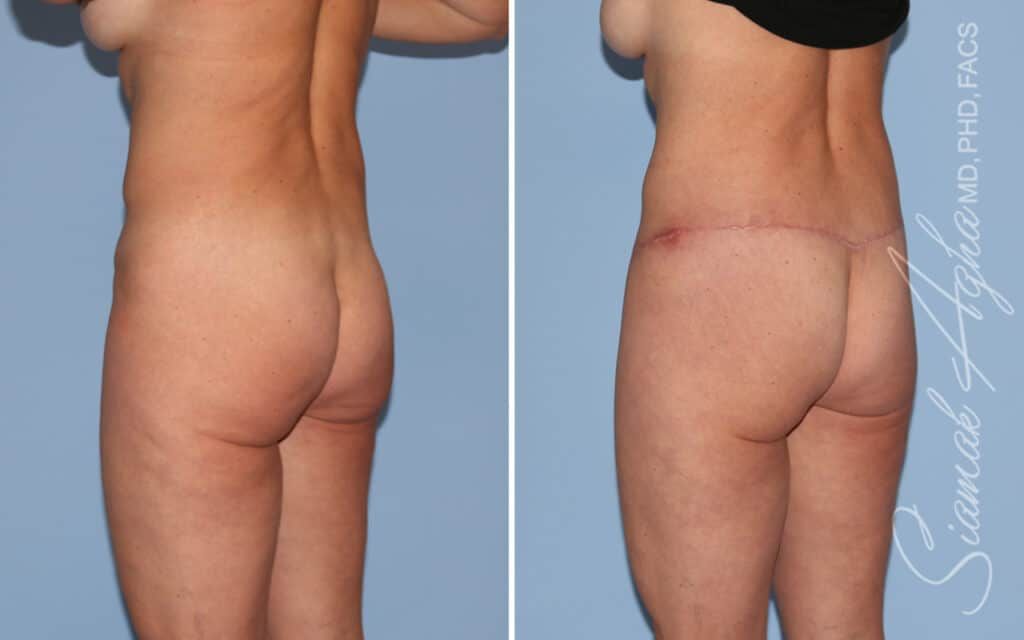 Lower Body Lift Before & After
...
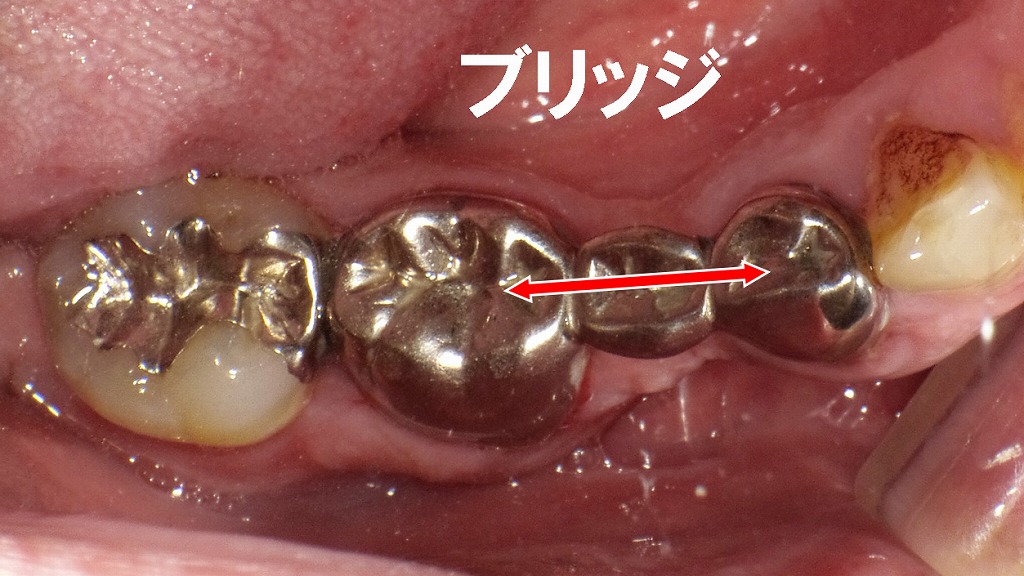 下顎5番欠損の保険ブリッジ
---
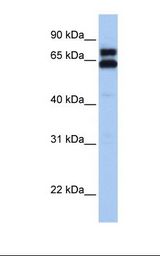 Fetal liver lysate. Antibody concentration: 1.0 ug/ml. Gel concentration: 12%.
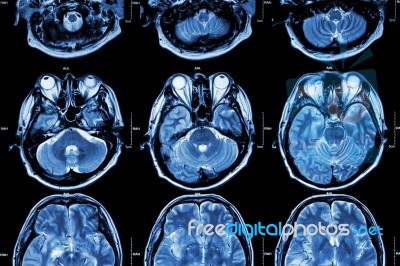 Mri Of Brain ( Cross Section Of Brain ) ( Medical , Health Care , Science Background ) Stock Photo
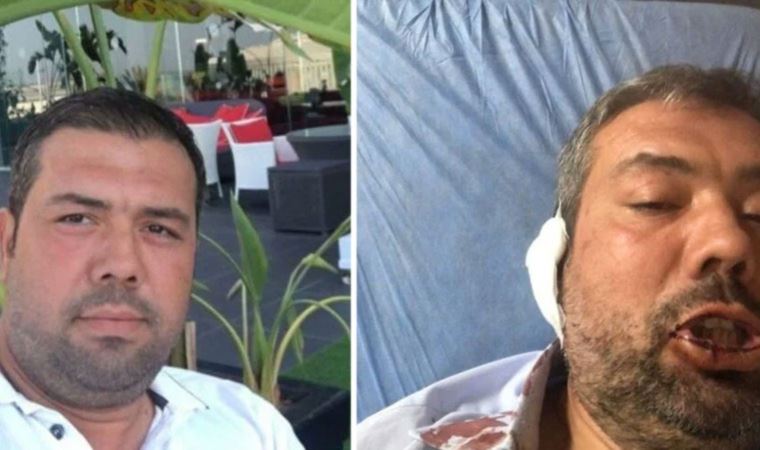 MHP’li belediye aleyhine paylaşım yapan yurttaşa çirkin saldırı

## What is needed:
Copy exactly the part of the material above that opens with the line containing "Fetal liver lysate." and closes with the line containing "MHP’li belediye aleyhine", ends included. Drop the images.

## Expected output:
 Fetal liver lysate. Antibody concentration: 1.0 ug/ml. Gel concentration: 12%.
 Mri Of Brain ( Cross Section Of Brain ) ( Medical , Health Care , Science Background ) Stock Photo
 MHP’li belediye aleyhine paylaşım yapan yurttaşa çirkin saldırı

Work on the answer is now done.